Table Handling
Reading Data into a DataFrame
Load Spark DataFrame from CSV in Fabric Files Section
df = spark.read.load('Files/mydata.csv', format='csv', header=True)
Load TSV from Files Section
df = spark.read.format("csv") \
.option("header", "true") \
.option("delimiter", "\t") \
.option("inferSchema","true") \
.load(f"Files/dw_source/{filename}.txt")
Load from Delta Table using SQL
df = spark.sql( \
"""
SELECT
first_name, last_name
FROM
customer
WHERE
customer_type = 1
""")
Save dataframe as Delta Table
Write Dataframe to table in managed storage
# Save the dataframe as a delta table
df.write.format("delta").saveAsTable("mytable")

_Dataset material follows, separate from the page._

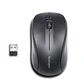 Mouse Kensington For Life, 3 Botones, 1000DPI, Negro - Miniatura 3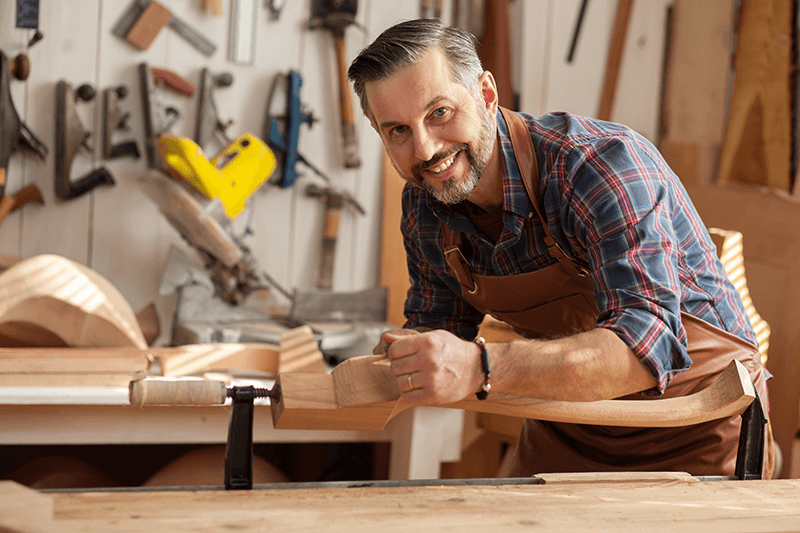 MeinBuero-Branchen-Handwerk Branche Handwerk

Write Dataframe to table in Files folder
df.write.format("delta").saveAsTable("myexternaltable", path="Files/myexternaltable")
Write Dataframe to table in external blob storage
df.write.format("delta").saveAsTable("myexternaltable", path="abfss://my_store_url..../myexternaltable")
Save DataFrame as Delta table (no Metastore entry)
# default save (will not overwrite)
delta_path = "Files/mydatatable"
df.write.format("delta").save(delta_path)
# force overwrite
new_df.write.format("delta").mode("overwrite").save(delta_path)
# append to existing data
new_rows_df.write.format("delta").mode("append").save(delta_path)
Create table without writing data
Create a Fabric table with defined schema using Python
from delta.tables import *
DeltaTable.create(spark) \
.tableName("products") \
.addColumn("Productid", "INT") \
.addColumn("ProductName", "STRING") \
.addColumn("Category", "STRING") \
.addColumn("Price", "FLOAT") \
.execute()
Create a Fabric table with defined schema using SQL
%%sql
CREATE TABLE salesorders
(
Orderid INT NOT NULL,
OrderDate TIMESTAMP NOT NULL,
CustomerName STRING,
SalesTotal FLOAT NOT NULL
)
USING DELTA
Create a table reference to external Delta table. Schema is read from the external location, so is not required to be specified.
%%sql
CREATE TABLE MyExternalTable
USING DELTA
LOCATION 'Files/mydata'
CRUD Operations
SQL Syntax
Using SQL in Python API
new_rows_df.write.format("delta").mode("append").save(delta_path)
Using SQL with magic
%%sql
UPDATE products
SET Price = 2.49 WHERE ProductId = 1;
Delta API
Update table in Files folder
from delta.tables import *
from pyspark.sql.functions import *
# Create a DeltaTable object
delta_path = "Files/mytable"
deltaTable = DeltaTable.forPath(spark, delta_path)
# Update the table (reduce price of accessories by 10%)
deltaTable.update(
condition = "Category == 'Accessories'",
set = { "Price": "Price * 0.9" })
Describe history of table using time travel
%%sql
# metastore table
DESCRIBE HISTORY products
# external table in Files folder
DESCRIBE HISTORY 'Files/mytable'
Retrieve historical version of table
# by version number
df = spark.read.format("delta").option("versionAsOf", 0).load(delta_path)
# by timestamp
df = spark.read.format("delta").option("timestampAsOf", '2022-01-01').load(delta_path)